As I was sitting in the living room on Monday watching the twins that I babysit sleep, I kept thinking to myself, “How does one prepare themselves for the impending death of a loved one? Can one even be fully prepared?” My question was answered only a few minutes later when my dad called me and told me that my Grandpa had breathed his last and had gone to his eternal rest. No, one cannot be fully prepared. One can only be prepared on a certain scale.

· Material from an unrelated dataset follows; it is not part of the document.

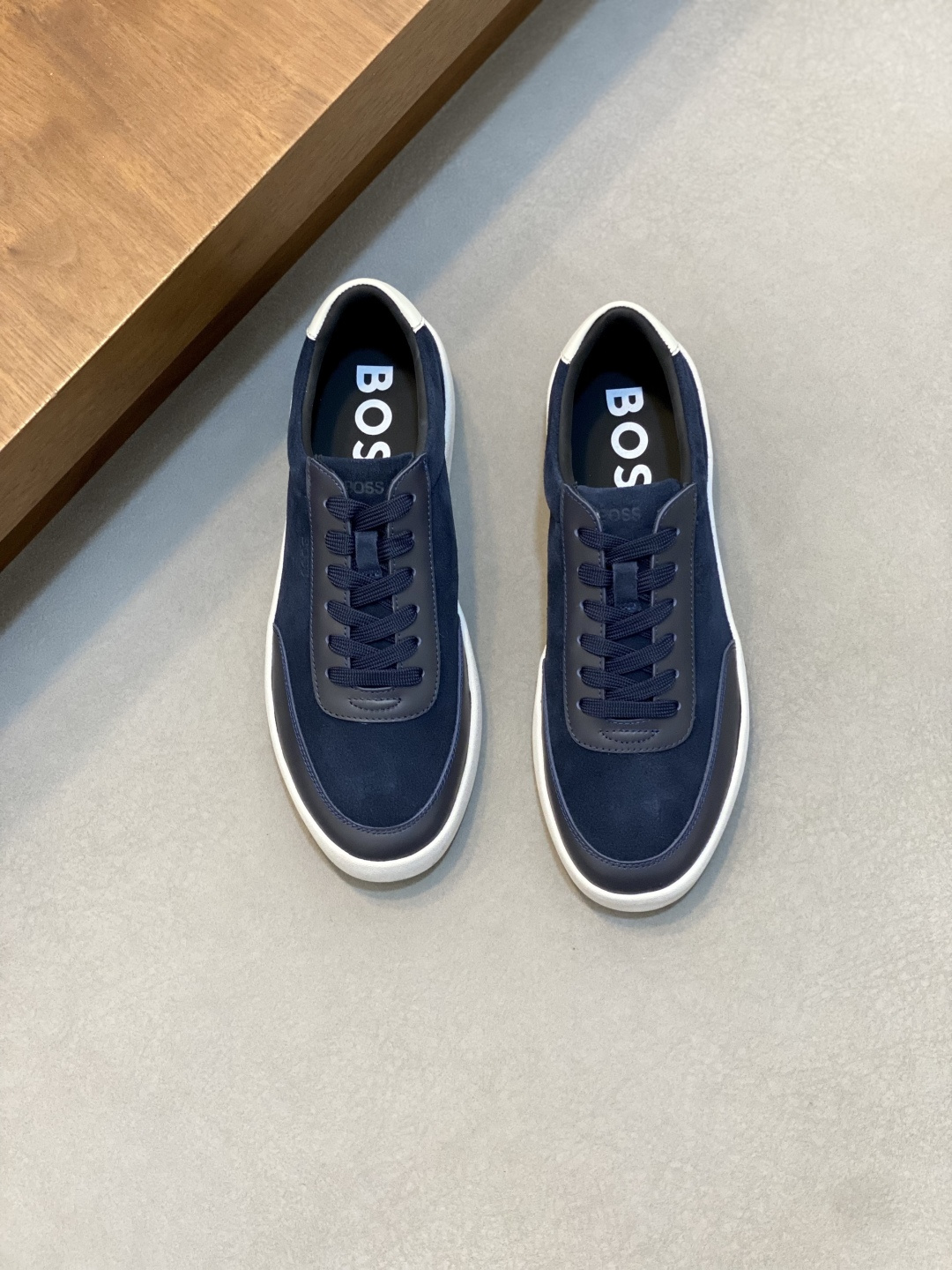 NO:603990,BOSS men's new slip-on leather casual sneakers are now available!  Carefully crafted from imported pebbled calfskin, the leather is soft, delicate and shiny, with leather tassel pendant decoration on the upper, meticulous and even handmade mark routing, classic casual style, non-slip and wear-resistant rubber outsole, light and comfortable, foot set design with soft cowhide lining and feet, the upper foot is comfortable and breathable, and comes with a dust bag packed in the original box!  Size 39-40-41-42-43-44 (45.46 customized) standard leather shoe size, BOOS casual shoes, cowhide19860909BOSS男士新款套脚皮革休闲板鞋出货！ 选用进口荔枝纹小牛皮精心制作,皮质柔软细腻有光泽,鞋面皮革流苏吊坠装饰,细致均匀的手工马克走线,经典休闲版型,防滑耐磨橡胶大底,轻便舒适,套脚设计搭配柔软牛皮内里及垫脚,上脚舒适透气,配原盒包装防尘袋！ 尺码39-40-41-42-43-44（45.46订做）标准皮鞋码数,BOOS 休闲鞋,cowhide,Men's shoes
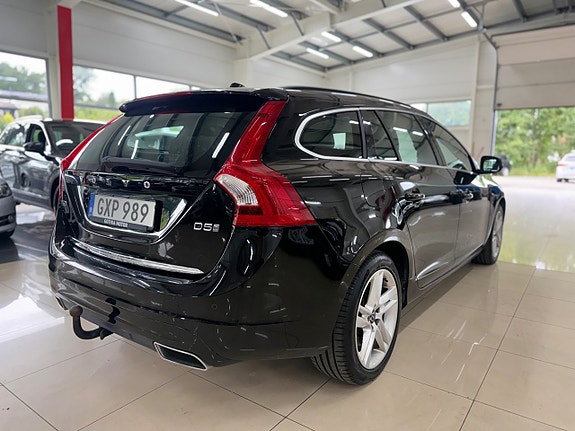 Volvo V60 4 of 16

I had never experienced the passing of a loved one close to me. It doesn’t seem real, even though I’ve known for weeks that it was coming. There is comfort in knowing that he is with the Lord. However, knowing that he will not be here next time I come visit is a sad thought. I don’t remember him talking very much or having super long conversations, but his actions certainly spoke loudly to me. I took after him in being early to everything. He taught me how to fish by showing me how, even though he had to bait the hook and take the fish off because I refused to touch the worm or the fish. He taught me how to drive. It was on a lawnmower and around their yard, but that was the first driving experience I ever had. He taught me how to play horse shoes. He gave me my first taste of ice cream and brownies and it’s because of him that one of my favorite drinks is Dr. Pepper.
It was terrifying to me that I didn’t know what to expect from other people or myself even in this kind of situation. When you’ve never experienced this before it’s hard to know how you’ll react. It’s only the day after and the funeral is already a blur. I remember certain moments and certain faces, but definitely not the whole thing. I do remember people talking of his great heart for helping people in need, his unwavering faith, and his quiet resolve. I hope that I follow in those footsteps and have the same heart, faith, and resolve. He worked hard all his life and left a great legacy. I am so thankful for my family and for how we were all there for each other during this time. I look forward to the day when we can all meet in Heaven and never have to be separated again.